Indem sich die Vorinstanz lediglich mit den aktuellen Vollzugsbedingungen, jedoch nicht mit den Bedingungen der vom Beschwerdeführer bereits früher ausgestandenen Strafen und (Zwangs-) Massnahmen bzw. seinen diesbezüglichen Schilderungen auseinandersetzt, verletzt sie ihre Begründungspflicht sowie den Anspruch des Beschwerdeführers auf rechtliches Gehör und stellt den massgebenden Sachverhalt nur unvollständig fest. Zwar hat das Bundesgericht im Verlegungsentscheid festgehalten, dass sich der Vollzug in der JVA Pöschwies und die damit verbundenen Haftbedingungen aufgrund der besonderen Umstände des Einzelfalles bzw. wegen des vom Beschwerdeführer ausgehenden Risikopotenzials zum Entscheidzeitpunkt noch rechtfertigen lassen (Urteil 1B_52/2021 vom 24. März 2021 E. 3.7 und 3.8). Dabei handelt es sich jedoch um eine isolierte Beurteilung der damals aktuellen Haftbedingungen, ohne Berücksichtigung der Behandlungen durch die Behörden, die der Beschwerdeführer angeblich bereits früher erfahren haben soll. Bei der Frage, ob sich der Beschwerdeführer bei den angeklagten Delikten in einer Notstandssituation befunden oder gewähnt hat, können jedoch – insbesondere angesichts der zeitlichen Gegebenheiten – auch allfällige frühere Behandlungen bzw. Vollzugsbedingungen relevant sein.
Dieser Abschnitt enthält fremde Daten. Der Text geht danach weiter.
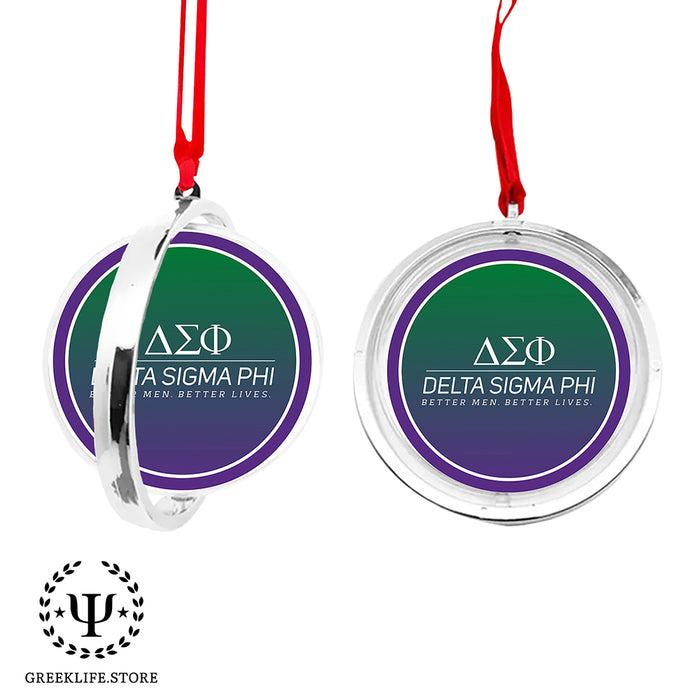 Delta Sigma Phi Christmas Reversible Flat Round Ornament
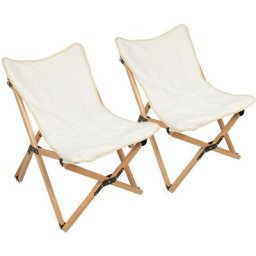 Haloyo - 2er Set Campingstuhl Klappstuhl Holz Stoff Gartenstuhl Strand 53*58*81cm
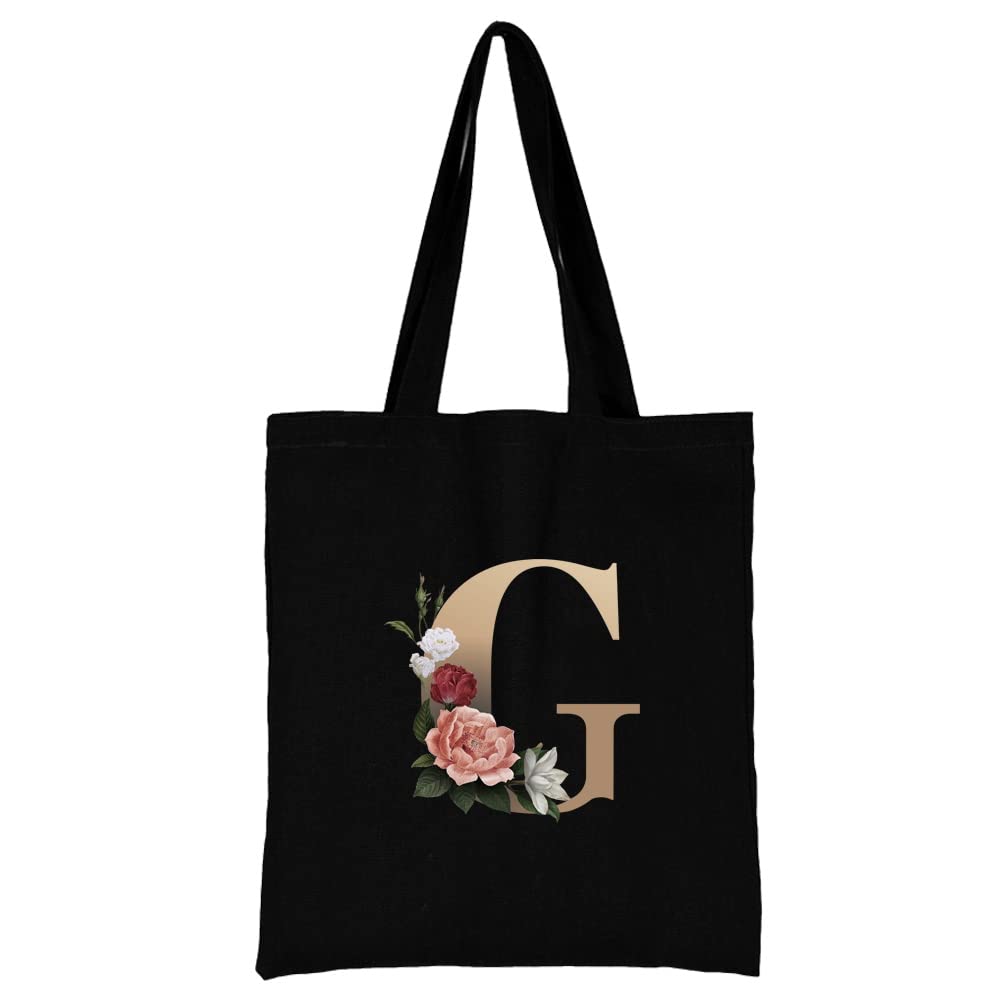26 Letter Printed Canvas reusable grocery bags, Foldable Casual Travel HandBag, Shoulder Beach Tote Bags, Shopper bag eco friendly super strong washable Storage bags Shopping bag Canvas bag for Women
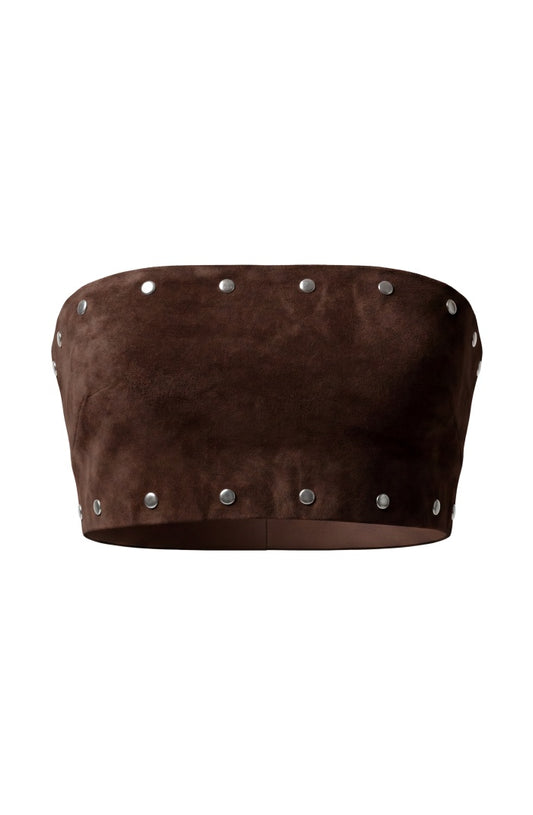 Amelia Suede Top Brown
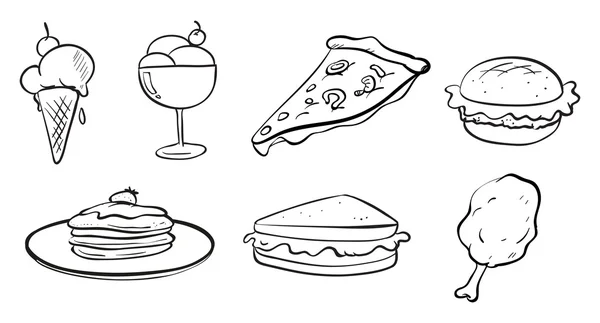 Doodle dessins des différents aliments — Image vectorielle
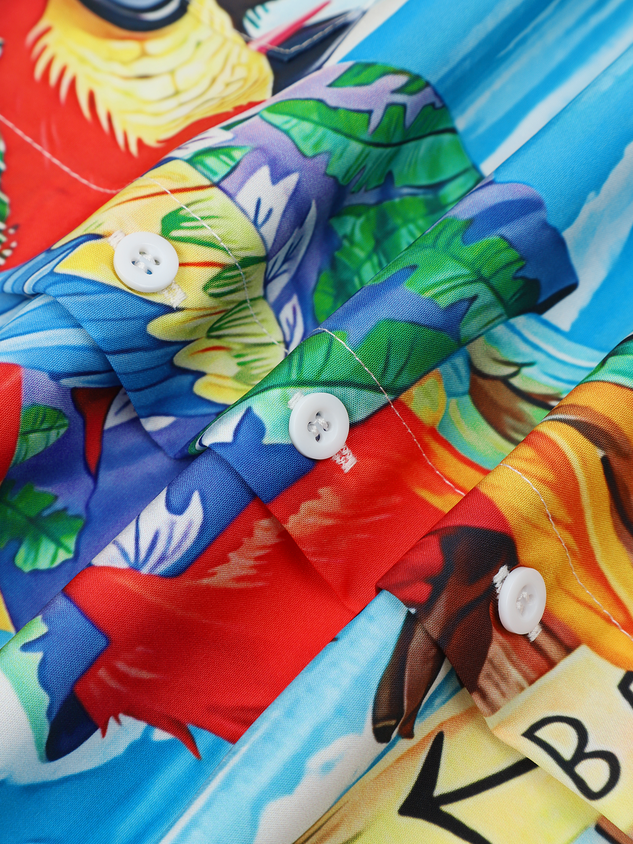 It's 5 O'Clock Somewhere Parrot Chest Pocket Short Sleeve Hawaiian Shirt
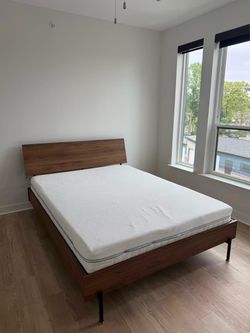 IKEA RÅDMANSÖ Queen Bed Frame + ÅBROTTEN Queen Mattress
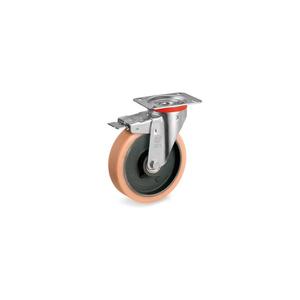 TELLURE ROTA - 635451 Vulkollan®Roues en polyuréthane, centre en fonte, support de plaque supérieure pivotante type NL avec roue de blocage avant - Product Image 1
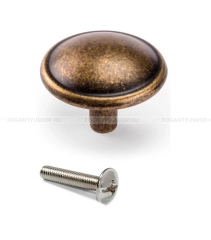 EMUCA Gomb fogantyú MALI - 1 furatos - Antik patina barna - Zamak fém ötvözet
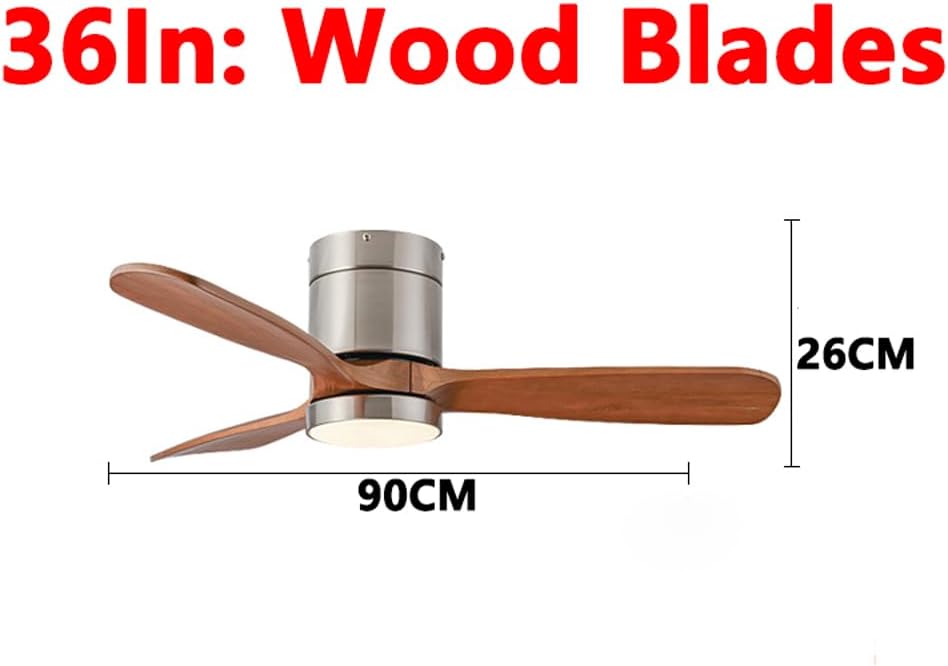 Ceiling Fans with Lights Farmhouse Quiet Reversible Ceiling Fans with Lights Nickel Modern Ceiling Fan 6 Speeds 3 Wood Blades Airflow Noiseless Fans Lighting for Living Room Bedroom Kitchen Office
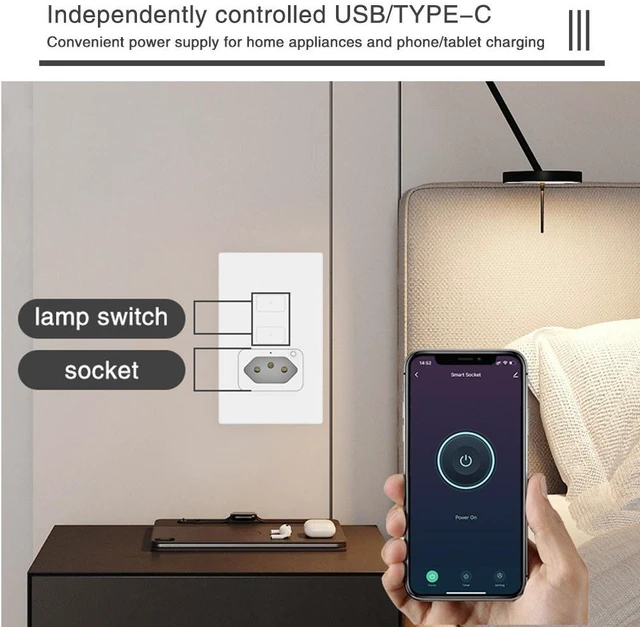 Alt view image 6 of 8 - WiFi Smart Wall Panel with Touch Switch & AC Socket 2-in-1: 1 USB-Free AC Outlet + 1 Touch Light Switch, Voice Control Compatible with Alexa & Google Home, Timer & Remote Control, 20A Overload Prote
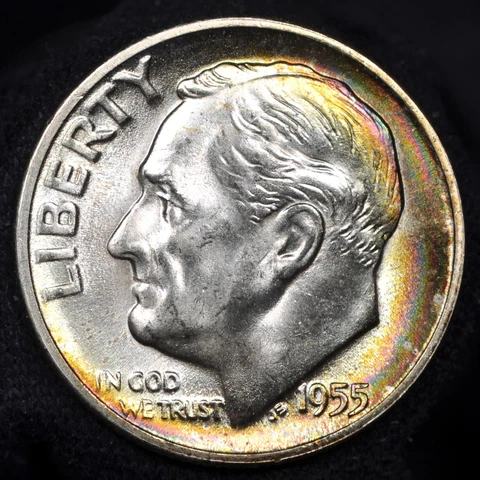 1955-S Roosevelt Dime -- Lustrous Gem BU with Rainbow Toning Cover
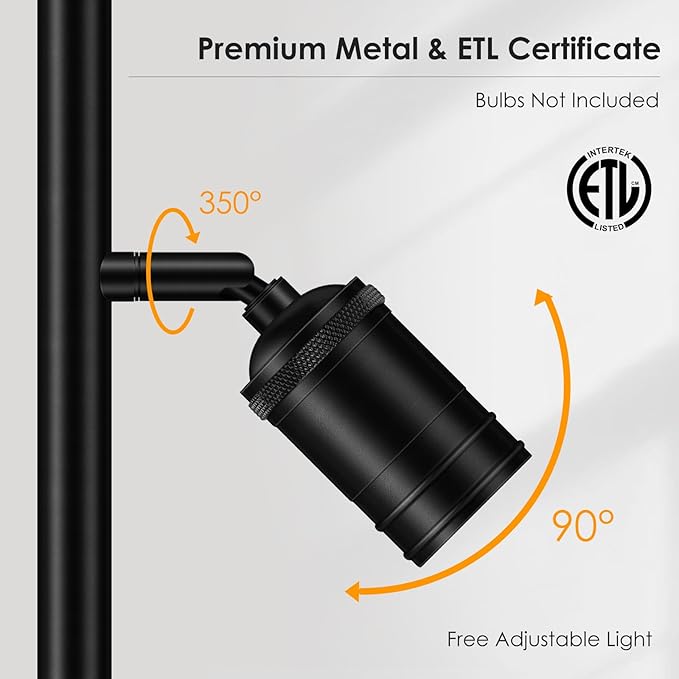 BoostArea Floor Lamp, Industrial Floor Lamp, Modern Tree Standing Lamp with Adjustable 3 Light, E26 Socket, Foot Switch, Minimalist Metal Stand Up Lamp Pole Lamps for Living Room, Bedroom (No Bulbs)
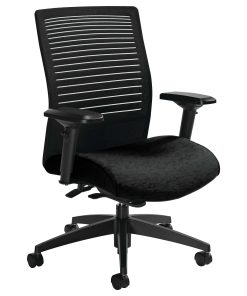 Global® Loover Mid-Back Weight-Sensing Synchro Chair, 39″H x 25 1/2″W x 24″D, Black Coal/Black 2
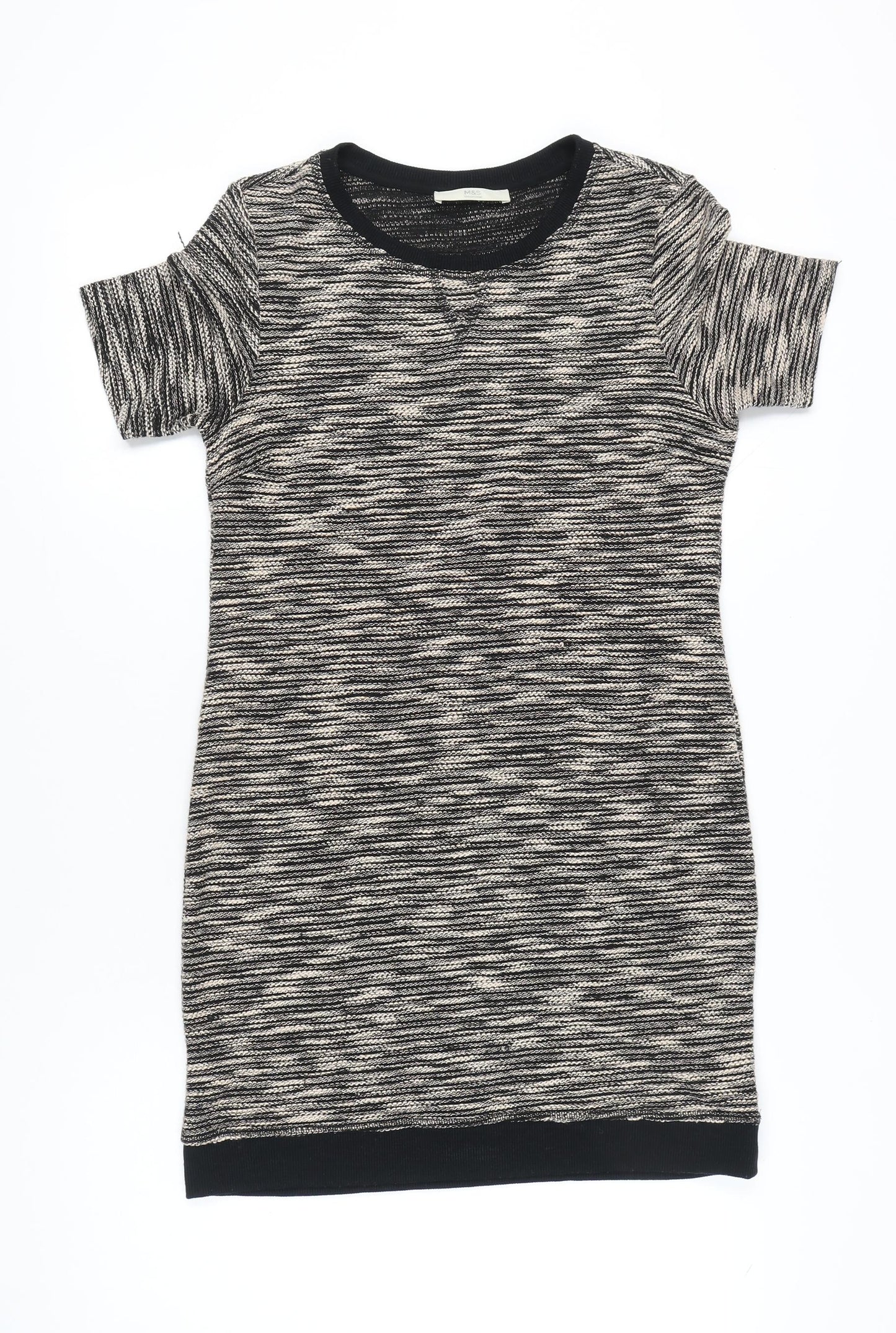 Marks and Spencer Women Grey Size 12 T-Shirt Dress Short Sleeve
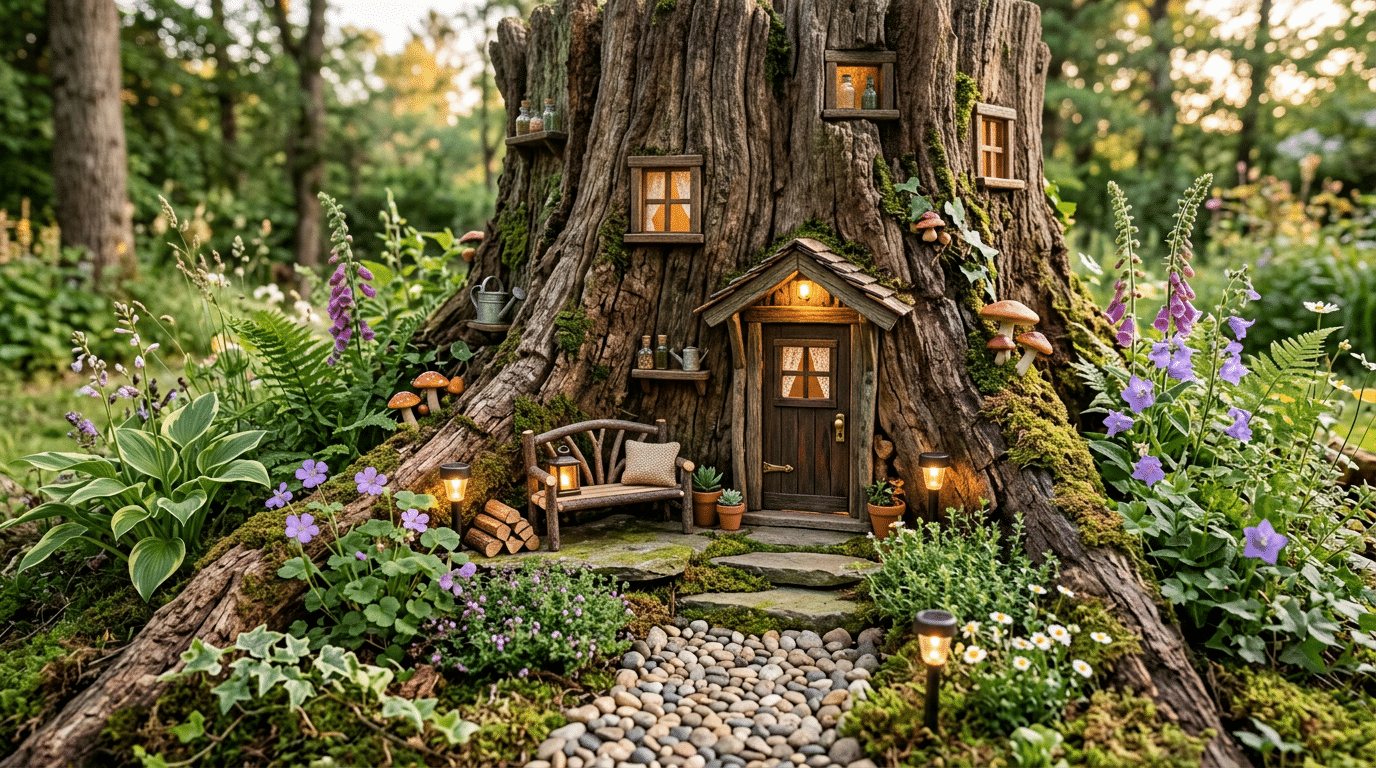 fairy home in tree stump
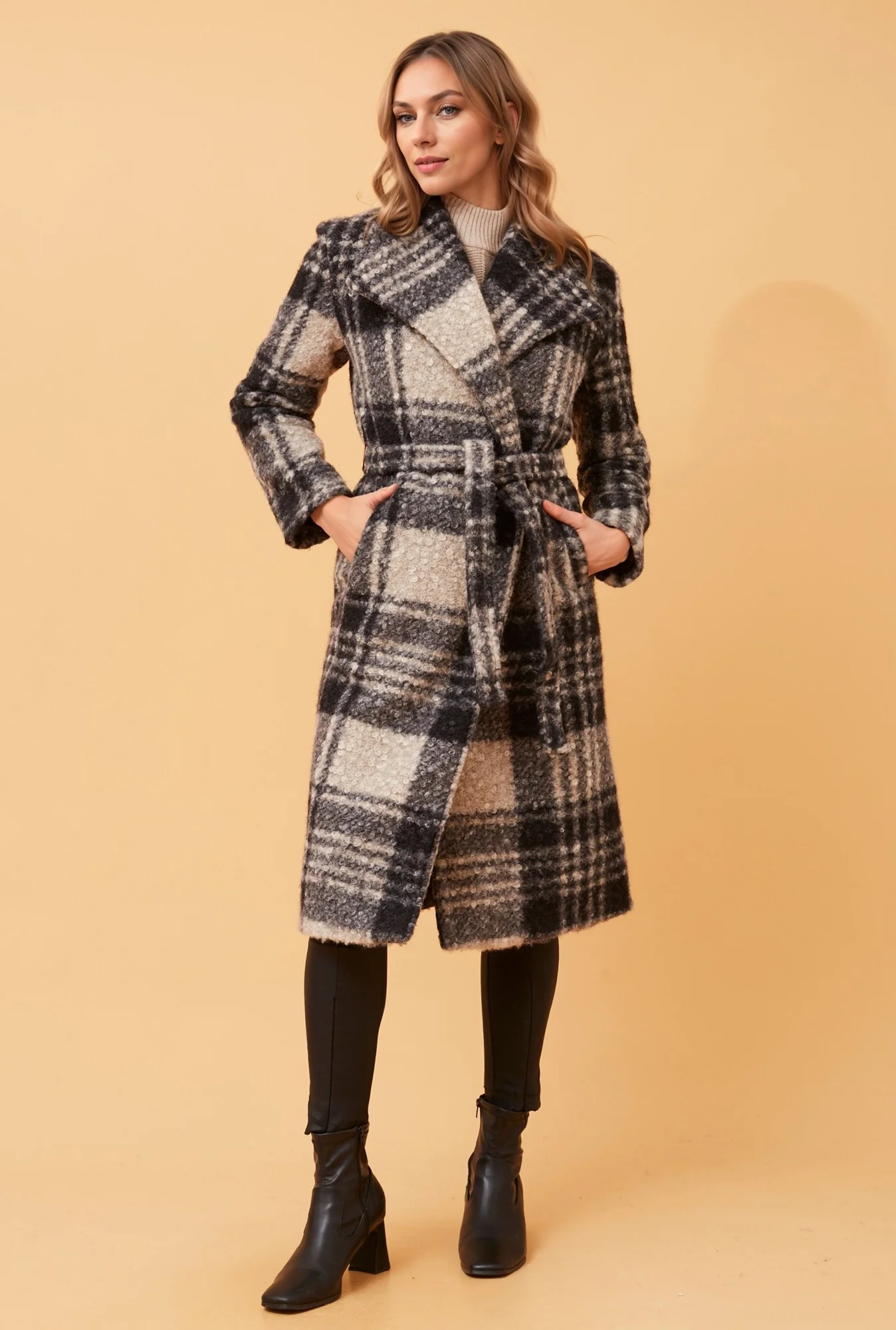 PERLITA CHECK TEDDY FUR COAT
Zwar schildert der Beschwerdeführer im bundesgerichtlichen Verfahren sehr ausführlich, welchen Vollzugsbedingungen und Behandlungen er in seinem Leben ausgesetzt gewesen sein soll, jedoch ist es nicht Aufgabe des Bundesgerichts, den Sachverhalt selbst festzustellen. Insgesamt ist es dem Bundesgericht mangels entsprechender Ausführungen und tatsächlicher Feststellungen der Vorinstanz nicht möglich, die (tatsächlichen und rechtlichen) Rügen des Beschwerdeführers zu beurteilen (E. 4.5).
Vielleicht ist es am Ende “Brian”, der dafür sorgt, dass die notorischen Erniedrigungen und Schikanen im schweizerischen Straf- und Massnahmenvollzug abgebaut werden. Die Vollzugsbehörden berufen sich dabei ja jeweils auch auf eine Art Notstand, indem sie die Schikanen mit den von ihnen selbst definierten Sicherheitsvorschriften rechtfertigen.
Das Straftäter:innen durch die Strafjustiz schikaniert werden liegt in der Natur der Sache, die einten mehr die anderen weniger.
Ich sehe es so ohne Druck oder Schikane wären die Gefängnisse leer und die Kriminellen vom Klein-Kriminellen bis zum Gewaltstraftäter allesamt auf der Strasse.
Dazu kommt, dass die gesetzlicher Normen im Strafprozessrecht allesamt mehr oder weniger dehnbar sind oder auch schlicht – aus Absicht oder Unwissenheit – ignoriert werden. Aus diesem Grund steht dem Beschuldigten ein Strafverteidiger zu, der dafür sorgt, dass alles mehr oder weniger im gesetzlichen Rahmen abläuft. Natürlich gibt es bessere und schlechtere Strafverteidiger und natürlich gibt es auch die “Lakaien”.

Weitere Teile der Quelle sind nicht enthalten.